Of course, there are people who do believe we are “under English/British rule” on both sides of the divide, and who do innately carry an inferiority complex – this is surely a colonial overhang. After all, Ireland was under English Rule (i.e. Parliament in London was able to legislate for it without any Irish representation). This goes well beyond the inner cities too. Indeed, one excited new NI21 member wrote over on Slugger that our (NI) politicians “shouldn’t bother with the difficult stuff like welfare and tax” (in other words, that they should leave it to those superior beings over in England – you know, like the obviously incredibly competent David Cameron, Ed Miliband and Nick Clegg…)
It is true that Northern Ireland was not fully included within the UK in 1921, but rather cast asunder from it – uniquely attaining Home Rule when it didn’t want it and when Scotland and Wales were still 80 years away from having it.
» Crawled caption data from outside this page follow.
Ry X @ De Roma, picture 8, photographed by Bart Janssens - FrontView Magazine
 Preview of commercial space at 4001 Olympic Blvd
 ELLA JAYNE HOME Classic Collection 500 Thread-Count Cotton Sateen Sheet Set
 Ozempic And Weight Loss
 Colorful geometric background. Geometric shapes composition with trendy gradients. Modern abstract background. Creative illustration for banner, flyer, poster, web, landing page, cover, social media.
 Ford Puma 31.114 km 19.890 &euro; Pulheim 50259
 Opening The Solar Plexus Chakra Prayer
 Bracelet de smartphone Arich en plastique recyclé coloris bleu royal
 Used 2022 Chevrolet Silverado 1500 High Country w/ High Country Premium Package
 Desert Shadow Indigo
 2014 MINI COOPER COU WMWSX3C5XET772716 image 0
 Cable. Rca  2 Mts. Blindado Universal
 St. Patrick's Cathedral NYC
It is true that most people in Great Britain are aware of Great Britain’s own boundaries but often unsure of Northern Ireland’s or Ireland’s relationship with it, treating people from either jurisdiction much the same. It is true that, unlike Wales and particularly Scotland, Northern Ireland politicians rarely play a significant role at the heart of UK-wide politics. And of course there’s the “not available in Northern Ireland” syndrome.
But Northern Ireland is not “under British rule”, as this would imply something involuntary about it and/or that it has no say over that rule – so it is particularly odd to hear Unionists using the term. The 1998 Agreement makes it absolutely clear that Northern Ireland is in a Union with Great Britain (post-devolution, perhaps best seen as a Union with England, Scotland and Wales) which it may remain within or depart from entirely of its own accord. Furthermore, the 1998 Agreement makes it clear that Northern Ireland has its own rule for domestic matters, co-operating with Great Britain on excepted and reserved matters through Parliament in which it is perfectly fairly represented proportionately; indeed, it also cooperates on certain agreed matters with the rest of Ireland through bodies with Boards with equal numbers from each jurisdiction reporting to each legislature – so there’s no “under anybody’s rule” there!
What the phrase really gives away is an ongoing inferiority complex – as if we somehow should be under someone else’s rule because we’re too stupid to govern ourselves. That then becomes somewhat self-fulfilling when, in the certitude that someone in Great Britain will bail us out if we do anything too ludicrous, we overwhelmingly elect to Stormont a load of “community representatives” with a narrow, one-sided view of everything in preference to competent legislators who can think and feel for everyone in NI.
Yes, we have our foibles, but taken as a whole they are no worse than any other country’s. It is about time we in Northern Ireland gained some self-respect, with or without David Healy banging in hat tricks or Rory McIlroy banging in birdies. We are actually worth it.